The article is about OPTIMA a query answering system over heterogeneous data sources. It is dedicated to big data and uses a data materialization approach, where the data required for answering a query are transformed and loaded into a system that evaluates the query. OPTIMA tackles the following question: which kind of system between TABULAR and GRAPH ones maximizes a given query evaluation on given data sources. OPTIMA uses a deep learning method to make this prediction, which enables it to outperform Squerall, a system using only TABULAR model data for materialization.

Remarks

General

  • The article is about the Ontology-Based Data Access, but it seems that it is not about ontology reasoning, so finally it is more focused on data integration for Semantic Web.
  • The article presents an query answering system for heterogeneous data integration, which requires to present the mapping language from the data sources to the integration data model, in this case the RDF graph. Is it something like RML ? Section 2.3 presents the data wrappers, which have static way to transform the data from the data source into TABULAR or GRAPH data model. Does it means that there is no mapping language at all ?
  • The data model prediction is based on the training over one data sources instance.
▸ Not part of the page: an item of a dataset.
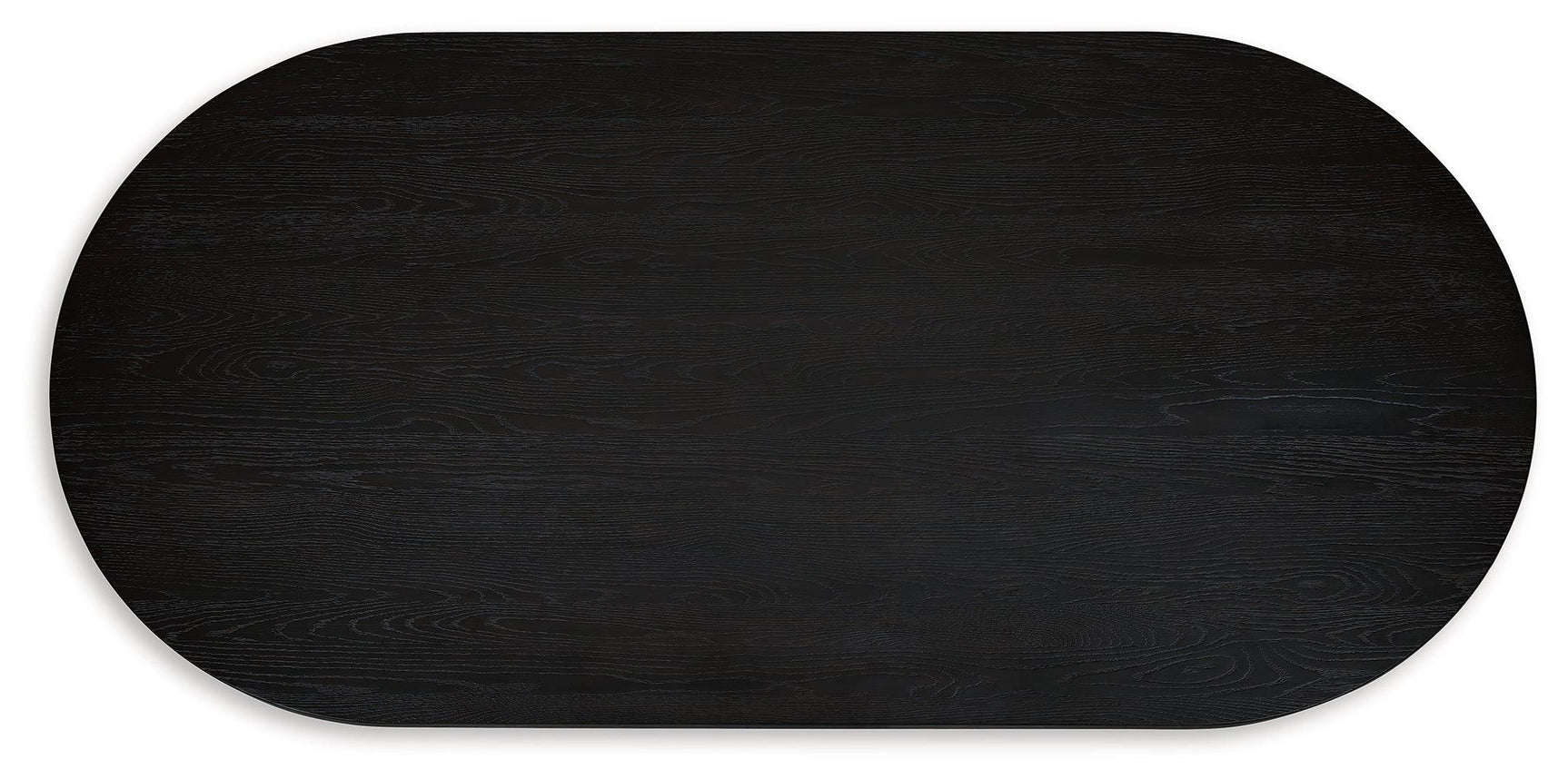 Side profile of Rowanbeck oval black dining table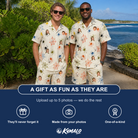 Friends in matching Men's Creepy Crawlers Custom Face Shirt & Shorts Set — a group gift photo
What happen if the data source are updated ? What is the among of work that needs to be performed in order to keep the predictions up to date.
  • The question raises by the article can be phrased as follows "what is the best data model to materialize heterogeneous data sources and then to efficiently evaluate a query on them ?". It seems to me that it is a quite theoretical question, where the schema used to materialize the data plays a big role whatever the chosen data model. So, the choice of the data wrappers have to be motivated, since they determine the schema of the materialization. And, the focus of the question on the data model has to be better justified. At the end, it seems that the problem is more about choosing the best system to store the materialized data in relation to the kind of query each system is optimized for than choosing the better data model. So, I think that this article should not talk about the best data model, because it is not what is about, but it should talk about the best system to evaluate the query either a system dedicated for TABULAR data or for GRAPH data.

Experiment

  • The experiment 1 uses BSBM, but there is no information about where the queries come from and what is the size of the dataset (or the scale factor). The number of answer for each query should be added to the Table 1. Table 1 contains on an strict subset of the BSBM relational schema tables, why ?
  • The article presents a system for big data, but it gives no information about the size of the databases used in the experiment. It is very strange. It should also talk about the scalability of the system.
  • What is the LSTM model ? The article should contain a reference about it.
  • The dataset should be presented at the beginning of Section 3 and not in Section 3.1, since it is used for both experiment 1 and 2.
  • The times for OPTIMA in Table 2 and the best times in Table 4 are different (see Q5). Why is it the case ?
  • What is the query execution time, does it include the time used by the wrapper and the loading time ?

Others

  • In the Section about the experiment, when it is possible replace miliseconds by seconds (e.g. 3000 ms -> 3 s). It is easier to read and it is a gain of space.
  • Page 6, there is BSBM*, is the star a missing footnote ?
  • Table 1, Q21 is missing
  • Page 9 : SAPRK -> SPARK
  • You could have a look to the Obi-Wan OBDA system, which is a one of the few OBDA system that supports NOSQL data sources. And it can be also interesting to mention some work about polystore (e.g. ESTOCADA), where similar problems are studied.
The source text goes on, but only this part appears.